В те времена в Свердловске не было ни «пенала» здания Областной администрации, ни вообще хотя бы одного 16-ти и даже 9-ти этажного дома. Я жил на самой верхотуре и смотрел на всё это, что было внизу: проспект Ленина, трамваи, тротуары. Мы носились по длинному коридору нашего дома с моим другом Олежкой. Однажды по его рассказам мы залезли на чердак, с чердака на крышу и свалились вниз. Там внизу был спортивный магазин «Динамо», и туда как раз привезли спортивные маты.
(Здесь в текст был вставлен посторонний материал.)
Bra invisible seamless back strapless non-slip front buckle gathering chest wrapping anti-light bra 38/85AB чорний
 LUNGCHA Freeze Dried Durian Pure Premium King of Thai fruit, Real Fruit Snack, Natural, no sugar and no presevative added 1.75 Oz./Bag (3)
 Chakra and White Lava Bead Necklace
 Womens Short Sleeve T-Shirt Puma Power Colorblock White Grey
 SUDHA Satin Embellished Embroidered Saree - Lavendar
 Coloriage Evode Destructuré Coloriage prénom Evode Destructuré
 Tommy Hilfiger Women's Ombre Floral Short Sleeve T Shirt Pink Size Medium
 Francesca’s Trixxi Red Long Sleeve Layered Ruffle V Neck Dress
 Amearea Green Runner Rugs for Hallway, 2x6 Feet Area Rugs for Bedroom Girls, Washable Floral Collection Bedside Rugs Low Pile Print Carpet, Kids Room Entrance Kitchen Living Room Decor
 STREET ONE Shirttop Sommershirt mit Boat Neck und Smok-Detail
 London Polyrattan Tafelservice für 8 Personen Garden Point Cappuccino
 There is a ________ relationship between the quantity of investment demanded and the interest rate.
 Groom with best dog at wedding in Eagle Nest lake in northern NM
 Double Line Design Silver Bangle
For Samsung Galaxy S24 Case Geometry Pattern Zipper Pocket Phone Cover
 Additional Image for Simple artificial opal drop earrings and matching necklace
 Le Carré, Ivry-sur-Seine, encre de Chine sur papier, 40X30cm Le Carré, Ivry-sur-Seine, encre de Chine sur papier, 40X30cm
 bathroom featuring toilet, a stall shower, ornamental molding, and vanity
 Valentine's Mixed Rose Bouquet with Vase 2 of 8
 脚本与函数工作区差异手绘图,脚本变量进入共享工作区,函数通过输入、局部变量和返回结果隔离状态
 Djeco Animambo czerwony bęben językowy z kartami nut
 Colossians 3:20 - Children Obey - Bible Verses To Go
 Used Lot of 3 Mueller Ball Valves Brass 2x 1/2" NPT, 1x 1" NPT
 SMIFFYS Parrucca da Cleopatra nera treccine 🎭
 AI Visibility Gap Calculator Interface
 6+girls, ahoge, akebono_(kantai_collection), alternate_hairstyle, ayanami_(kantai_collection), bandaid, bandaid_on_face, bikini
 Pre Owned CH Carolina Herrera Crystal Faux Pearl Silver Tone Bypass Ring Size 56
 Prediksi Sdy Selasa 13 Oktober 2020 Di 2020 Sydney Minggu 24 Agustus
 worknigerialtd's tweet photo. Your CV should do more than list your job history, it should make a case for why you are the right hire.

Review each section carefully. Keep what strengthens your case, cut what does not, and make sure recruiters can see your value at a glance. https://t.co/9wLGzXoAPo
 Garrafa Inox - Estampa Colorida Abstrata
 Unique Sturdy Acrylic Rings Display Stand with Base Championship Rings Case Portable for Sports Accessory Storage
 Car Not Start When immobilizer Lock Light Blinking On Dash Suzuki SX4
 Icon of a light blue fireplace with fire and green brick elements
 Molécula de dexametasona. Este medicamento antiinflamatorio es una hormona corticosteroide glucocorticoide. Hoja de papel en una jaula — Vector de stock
На них-то мы и упали, слезли и пошли домой. Я ничего этого не помню, помню только сами эти рассказы Олежки в другом нашем доме на Первомайской, где прошли остальные годы моего детства, отрочества и тревожной молодости. Сейчас мы, вспоминая этот дом, утираем ностальгические слёзы, потому что давно там не живем: Олежка живет в самом конце Восточной возле ЦПКиО, а я живу на Бажова возле парка Энгельса в доме наискосок от «Пельменной».
В детстве помимо мамы, папы, сестры, брата (когда он не дрался) я любил кошек, свою воспитательницу в детском саду Анну Ивановну, которая напевала песенку «Рула-тырула-тырула-тырула-рула-тырула-тырула-ла-ла» на финском языке, и конечно, я любил Ленина. Потому что благодаря ему я мог жить в социалистической стране, где нет капиталистов, расовой дискриминации. То есть, одна удача за другой: квартира в самом высоком доме, воспитательница, которая так прекрасно поёт «Рулу-тырулу», социализм. В общем, повезло. Я чувствовал себя избранником. Папа имел художническое образование и меня тоже учил рисовать. Однажды я нарисовал бегемота, которого из болота вытаскивают подъемным краном. Меня все так хвалили, что в конце концов после всех этих рахитов, корей, ангин, которые увеличили мою интровертированность, я как-то поверил в свою талантливость. Но по большому счету, пожалуй, моим единственно в каком-то смысле выделяющимся талантом было свойство считать себя гением, ничего особенно гениального при этом не сделав, и не моргать. Однажды я спросил отца:
— Папа, скажи, а какие недостатки были у Ленина? Ведь у всех же должны быть ну хоть какие-то недостатки.
Папа долго думал, а потом сказал:
— Слишком уж доверял Зиновьеву и Каменеву, которые потом оказались уклонистами.
Я спорить с папой не стал, но доверять «уклонистам», мне казалось, куда симпатичней, чем их расстрелять. Так что недостатков у Ленина папа не знал.
Когда мне было 5 или 6 лет, когда я систематизировал свои исторические представления, мне захотелось уточнить такой вопрос:
У нас, русских — Ленин вождь, а у немцев — Гитлер вождь. Да?
Нет, нет. Ленин — это вождь всего прогрессивного мира, не только русских, а Гитлер — вождь немецко-фашистских оккупантов.
То есть, Ленин не только у нас, но и у всех. Это звучало не так стройно, но вдохновляюще. Но так или иначе, потом пришлось всё-таки самому разбираться, кто чей вождь.
На самом дела «автобиографическое эссе» никакое не автобиографическое. «Моё» тут — дело десятое. Это лишь неожиданный такой, как бы невзначай толчок к тому, что можно условно назвать «самосозерцанием». Обычно люди не хотят заниматься чем-то напоминающим «созерцание». Люди, делающие так, кажутся им сумасшедшими.